## [Assignment]
Among the lines of the listing below, retype exactly those from the one containing "Abercromie New York" through the one containing "3D-Illustration zu Weihnachtsgeschäft, Rechnungskauf, Social", both included. Do not include pictures.

## [Data to use]
=======

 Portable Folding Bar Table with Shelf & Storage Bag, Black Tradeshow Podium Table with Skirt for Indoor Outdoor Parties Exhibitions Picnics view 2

=======

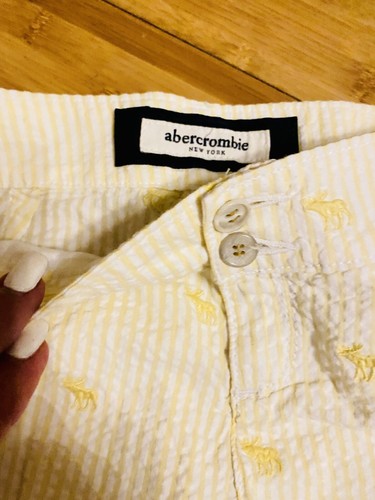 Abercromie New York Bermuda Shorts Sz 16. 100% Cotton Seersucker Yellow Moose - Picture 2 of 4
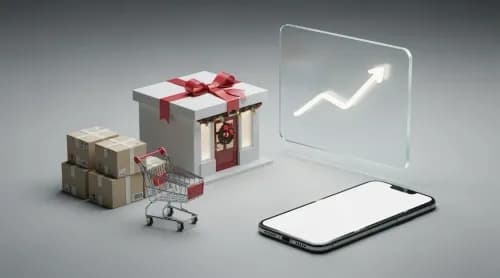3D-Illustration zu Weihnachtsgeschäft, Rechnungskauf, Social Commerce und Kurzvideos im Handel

=======

## [The completed task]
 Abercromie New York Bermuda Shorts Sz 16. 100% Cotton Seersucker Yellow Moose - Picture 2 of 4
3D-Illustration zu Weihnachtsgeschäft, Rechnungskauf, Social Commerce und Kurzvideos im Handel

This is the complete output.